-- DATASET EXTRACT follows --
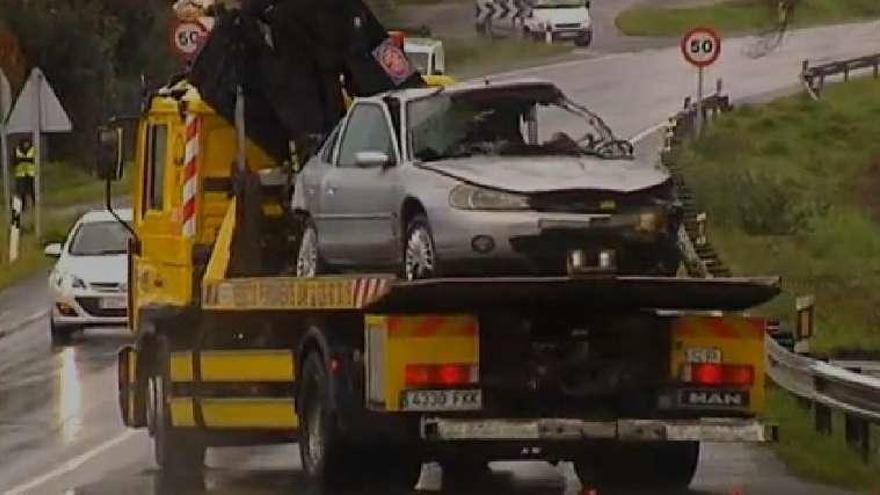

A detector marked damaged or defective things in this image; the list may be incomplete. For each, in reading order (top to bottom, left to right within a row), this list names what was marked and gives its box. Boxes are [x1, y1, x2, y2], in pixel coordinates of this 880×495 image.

damaged windshield [408, 85, 632, 162]
wrecked silver car [292, 77, 684, 280]
crumpled hood [416, 155, 672, 194]
crumpled hood [63, 254, 127, 284]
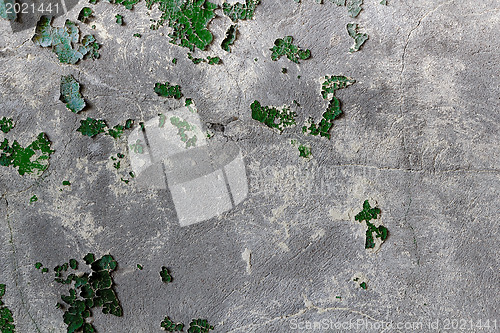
-- DATASET EXTRACT concluded --
> TASK DETAILS: The entries above must be output exactly, with every image left out.

> ANSWER FOR THE TASK:
A detector marked damaged or defective things in this image; the list may be incomplete. For each, in reading order (top to bottom, left to right within a row), this list names what was marked and gives its box. Boxes are [x1, y1, x2, y2], in pixel coordinates of this 880×495 image.

damaged windshield [408, 85, 632, 162]
wrecked silver car [292, 77, 684, 280]
crumpled hood [416, 155, 672, 194]
crumpled hood [63, 254, 127, 284]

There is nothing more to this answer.